Development institutions such as the United States Agency for International Development, the Gates Foundation, and international N.G.O's like care have taken up this view of girls and women as the most responsible economic actors in the household, and have integrated it into their programs on the grounds of both equity and efficiency.

[The flip side of this idea is that ''third world'' men create little value for development by spending their money on ''whiskey and other women,'' as Sandberg put it at Davos.]

I was first introduced to a version of the statistic a decade ago, when I was a volunteer with the Clinton Global Initiative's girls and women's commitment.

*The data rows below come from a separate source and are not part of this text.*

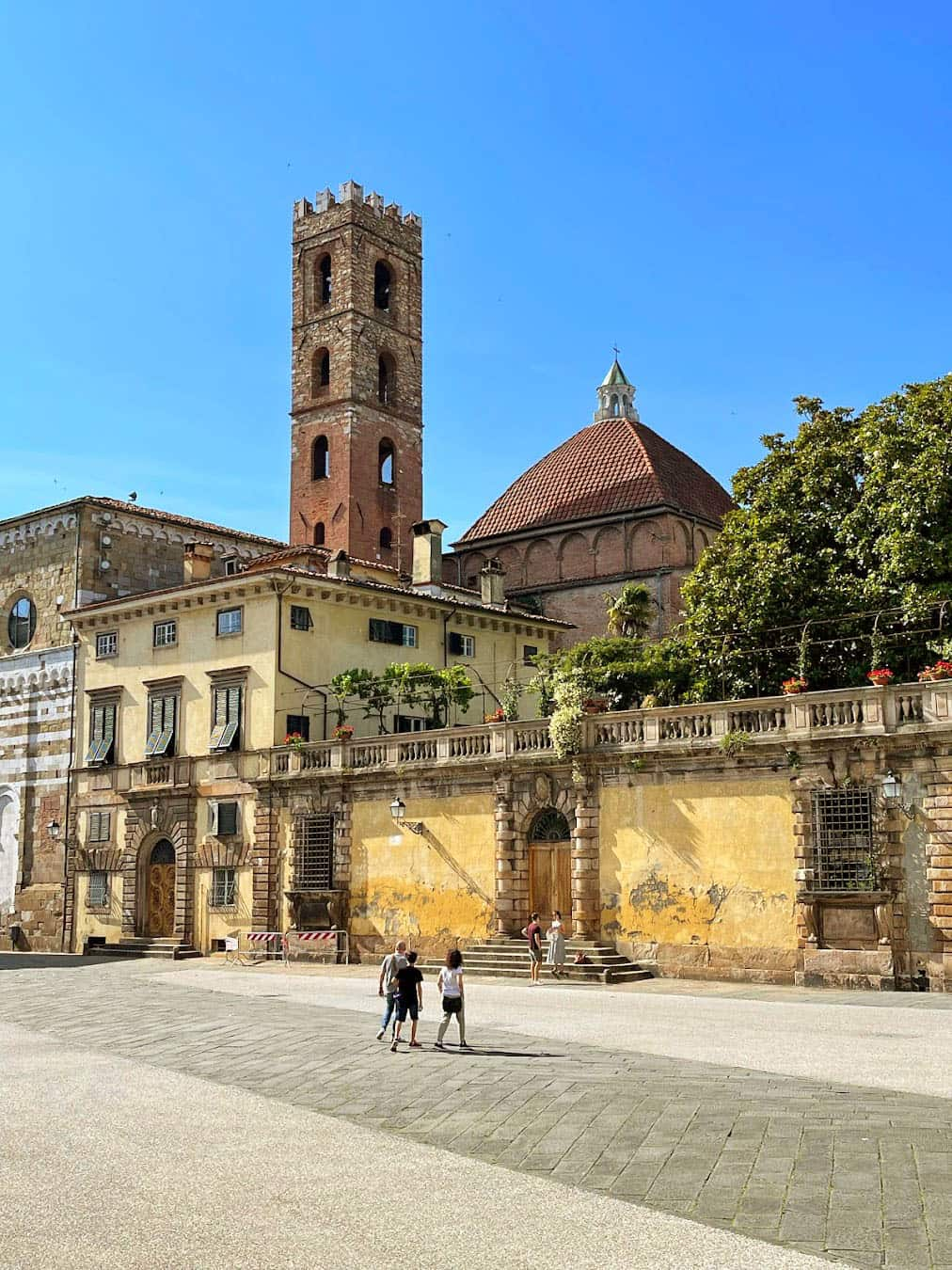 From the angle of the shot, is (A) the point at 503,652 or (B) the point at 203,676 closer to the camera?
(B) the point at 203,676

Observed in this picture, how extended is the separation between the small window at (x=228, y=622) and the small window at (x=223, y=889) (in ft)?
23.4

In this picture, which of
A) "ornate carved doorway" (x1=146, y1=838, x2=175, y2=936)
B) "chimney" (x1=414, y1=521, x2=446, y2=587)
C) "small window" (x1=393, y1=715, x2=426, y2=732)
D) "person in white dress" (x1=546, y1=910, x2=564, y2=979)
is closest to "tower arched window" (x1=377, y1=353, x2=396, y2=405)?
"chimney" (x1=414, y1=521, x2=446, y2=587)

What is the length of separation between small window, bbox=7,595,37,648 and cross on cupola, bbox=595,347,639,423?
4162cm

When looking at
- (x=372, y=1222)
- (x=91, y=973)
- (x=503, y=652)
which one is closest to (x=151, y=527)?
Answer: (x=503, y=652)

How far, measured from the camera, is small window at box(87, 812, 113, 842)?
45.2 meters

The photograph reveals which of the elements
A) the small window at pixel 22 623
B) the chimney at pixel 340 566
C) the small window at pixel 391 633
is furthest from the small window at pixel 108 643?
the small window at pixel 391 633

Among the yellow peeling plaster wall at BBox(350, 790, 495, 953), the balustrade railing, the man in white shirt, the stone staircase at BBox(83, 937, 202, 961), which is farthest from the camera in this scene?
the stone staircase at BBox(83, 937, 202, 961)

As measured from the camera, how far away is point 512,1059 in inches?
691

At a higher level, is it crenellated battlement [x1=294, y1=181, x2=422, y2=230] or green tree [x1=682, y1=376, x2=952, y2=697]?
crenellated battlement [x1=294, y1=181, x2=422, y2=230]

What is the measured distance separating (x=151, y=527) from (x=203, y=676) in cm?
1006

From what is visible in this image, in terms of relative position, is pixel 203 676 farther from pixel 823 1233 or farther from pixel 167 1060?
pixel 823 1233

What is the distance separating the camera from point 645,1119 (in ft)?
43.2

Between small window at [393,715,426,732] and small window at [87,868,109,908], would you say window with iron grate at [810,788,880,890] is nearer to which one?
small window at [393,715,426,732]

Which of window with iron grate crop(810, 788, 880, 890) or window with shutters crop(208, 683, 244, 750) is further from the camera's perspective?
window with shutters crop(208, 683, 244, 750) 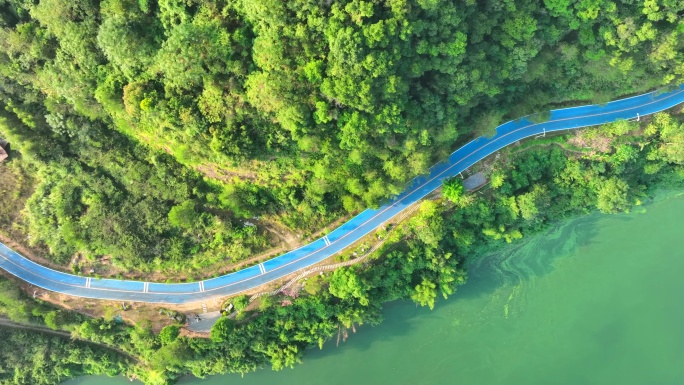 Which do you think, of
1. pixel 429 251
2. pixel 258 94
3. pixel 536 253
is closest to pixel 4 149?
pixel 258 94

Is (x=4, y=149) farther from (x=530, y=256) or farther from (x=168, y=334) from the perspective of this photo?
(x=530, y=256)

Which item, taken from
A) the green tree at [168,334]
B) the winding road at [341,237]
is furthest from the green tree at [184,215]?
the green tree at [168,334]

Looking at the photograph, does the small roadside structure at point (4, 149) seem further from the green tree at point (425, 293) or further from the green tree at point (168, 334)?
the green tree at point (425, 293)

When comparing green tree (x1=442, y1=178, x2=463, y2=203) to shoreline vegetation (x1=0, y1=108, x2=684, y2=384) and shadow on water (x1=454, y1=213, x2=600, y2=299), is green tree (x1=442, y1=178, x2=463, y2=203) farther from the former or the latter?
shadow on water (x1=454, y1=213, x2=600, y2=299)

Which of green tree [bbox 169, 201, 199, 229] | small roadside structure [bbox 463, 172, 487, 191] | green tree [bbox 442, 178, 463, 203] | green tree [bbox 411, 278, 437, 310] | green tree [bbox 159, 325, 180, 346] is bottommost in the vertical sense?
green tree [bbox 411, 278, 437, 310]

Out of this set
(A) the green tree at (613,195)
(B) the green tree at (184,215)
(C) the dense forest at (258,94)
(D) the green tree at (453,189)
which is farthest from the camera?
(A) the green tree at (613,195)

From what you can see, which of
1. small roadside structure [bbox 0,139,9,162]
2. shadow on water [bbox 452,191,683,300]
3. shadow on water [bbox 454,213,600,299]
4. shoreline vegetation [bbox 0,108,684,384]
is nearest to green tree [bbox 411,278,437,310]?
shoreline vegetation [bbox 0,108,684,384] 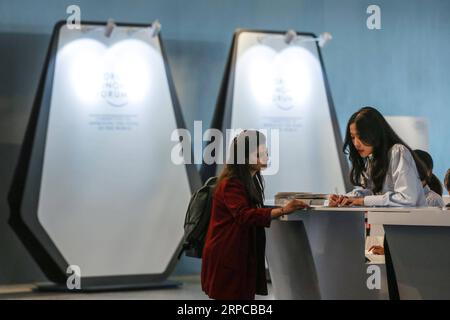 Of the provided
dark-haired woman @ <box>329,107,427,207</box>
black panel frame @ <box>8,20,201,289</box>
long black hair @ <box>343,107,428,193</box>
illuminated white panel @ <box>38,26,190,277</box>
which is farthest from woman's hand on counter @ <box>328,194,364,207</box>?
black panel frame @ <box>8,20,201,289</box>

During this time, I was a Ph.D, candidate at the University of California at Berkeley, conducting dissertation research on the transnational network of philanthropic and development institutions focused on girls and women.

In the weeks before the organizations 2009 meeting, I was introduced to Bill Clinton's speechwriter by my supervisor, who referred to me as ''our in-house girls expert''. The speechwriter wanted me to draft talking points for Clinton on girls and women health, economic empowerment, and education, based on statistics that I had been given by another C.G.I employee,

Under the heading ''Why investing in Girls and Women Works,'' I found the following : ''When an educated girl earns income she reinvests ninety percent in her family, compared to thirty-five percent for a boy.''

The Nike Foundation was listed as its source, but from my research on the foundation I had reason to doubt that.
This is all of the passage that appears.